Meet the nine

Council Watch

Lynn_online

I’m back, folks.

Some of you may remember me as a wide-eyed, grub-consuming freshman columnist from two and a half years ago. If you don’t remember me, don’t worry about it.

Since my freshman year, I have put on the obligatory few pounds, stopped riding a Razor scooter to class and traveled across the country. My stint as blog editor last summer and a fall semester in Washington, D.C., have resulted in an unhealthy obsession with nine-person councils, especially the U.S. Supreme Court. SCOTUS is 3,000 miles away, though. For the pleasure of us Bears and fellow council-watchers, we have the endlessly entertaining Berkeley City Council.

And so, dear reader, my column this time around will not be an assortment of miscellaneous reflections on life at UC Berkeley but rather an examination of perhaps the most amusing and intriguing facet this city has to offer.

My analysis is based solely on observations from regular attendance at Berkeley City Council meetings. This column will distill the mad from the sane, percolate the significant through the inane and expound on all matters of city council eccentricity.

So why should you care about these nine and what they do? Because the city and the campus are inextricably linked — decisions made concerning the city will affect the campus and vice versa. True, the city and the campus have always had a rocky relationship, but it’s a relationship in which one cannot survive without the other. Both parts contribute substantially to making the other a better place to live and a better place to learn. But first, let me introduce you to our cast of characters.

Mayor Tom Bates: Often referred to by council meeting attendees as “Master Bates,” “Adolf Bates” or “Fascist!,” Bates has been Berkeley’s mayor for more than a decade. Whether he’s actually an evil dictator instituting an iron-fisted tyranny over Berkeley residents is a hotly debated topic among council meeting regulars.

District 1, Linda Maio: Mrs. Politically Correct is one of the longest-serving council members, known for making neutral quips such as, “There is no easy answer,” or, “We must find a solution to this problem.”

District 2, Darryl Moore: … (That’s the amount of noise he usually makes at council meetings.)

District 3, Max Anderson: Have you ever met that person who’s super theatrical, says, “I’ll be brief,” but then launches into never-ending tirades and is extremely loud and passionate and outspoken about everything? Oh, don’t know someone like that? Well now you do.
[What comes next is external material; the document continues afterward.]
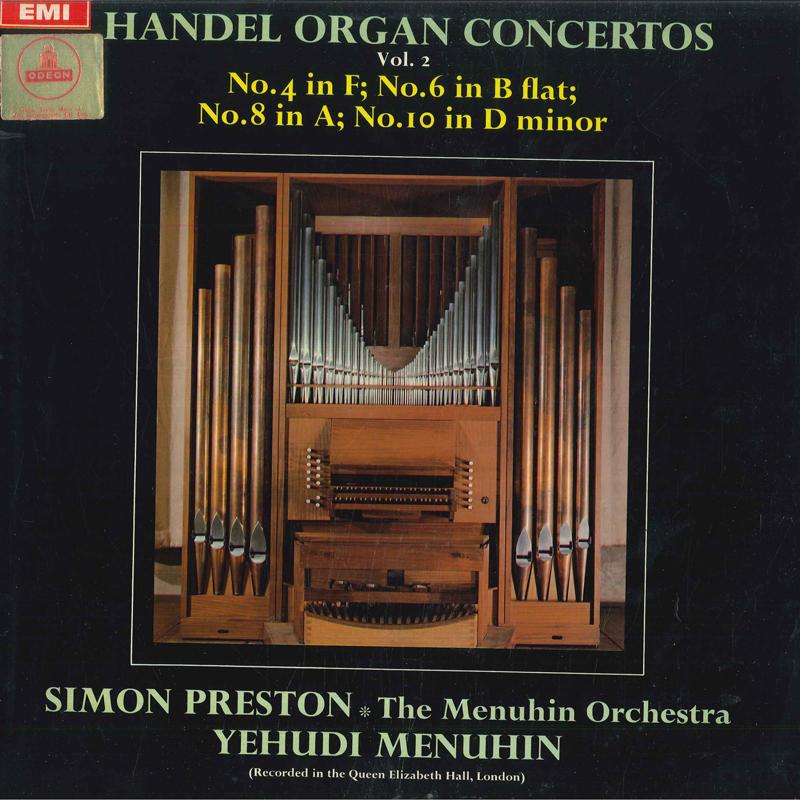 

LP Record HANDEL, SIMON PRESTON, MENUHIN FEST - Organ Concertos Vol. 2 PASD2443 ODEON UK Classical Used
District 4, Jesse Arreguin: A UC Berkeley grad, the youngest member on Berkeley City Council and the first Latino elected to the position, Arreguin is astute and sharp. Compared to the other characters on the council, Arreguin is relatively tame.

District 5, Laurie Capitelli: After Mayor Bates, Capitelli draws the most “boos” from the crowd for taking unpopular, albeit logical, stances on big issues. This is usually because he points out the logical fallacies in people’s arguments, and no one ever likes that guy.

District 6, Susan Wengraf: The only impressions I have of Mrs. Wengraf are that 1) she once almost fell asleep at a raucous sit-lie meeting where people were on their feet screaming at the mayor, and 2) she likes talking about cats. A lot.

District 7, Kriss Worthington: I refer to Worthington as “Princess Worthington,” for he, like Princess Di, is the “People’s Princess.” Often donning a blue shirt or tie that brings out his stark blue eyes, the Princess is the most popular council member at meetings, especially because he calls out the mayor on any dubious procedural maneuvers the Master attempts to pull.

District 8, Gordon Wozniak: “Professor Wozniak” can often retreat into a pedantic shell where he condescends to the crowd and begins lecturing us poor plebeians in attendance. However, I have seen him sport a smile when the crowd breaks out into song (as they are wont to do), proving that a human resides underneath his erudite facade.

Let’s not forget that while these nine make up the core of our cast, the most important actor is The Crowd — the regular council meeting attendees who are electric with energy, angry with government inefficiency and only questionably sane. Their behavior is what prompts the council members’ quirky reactions.

At times you may be frustrated with these members for their incompetence; at others, you may be ecstatic with the members’ progressive, forward-thinking spirit. You may protest their actions or perhaps fight for their causes. You may choose to agree with verve, disagree out of disgust or turn an ambivalent eye.

But rest assured, you won’t be bored.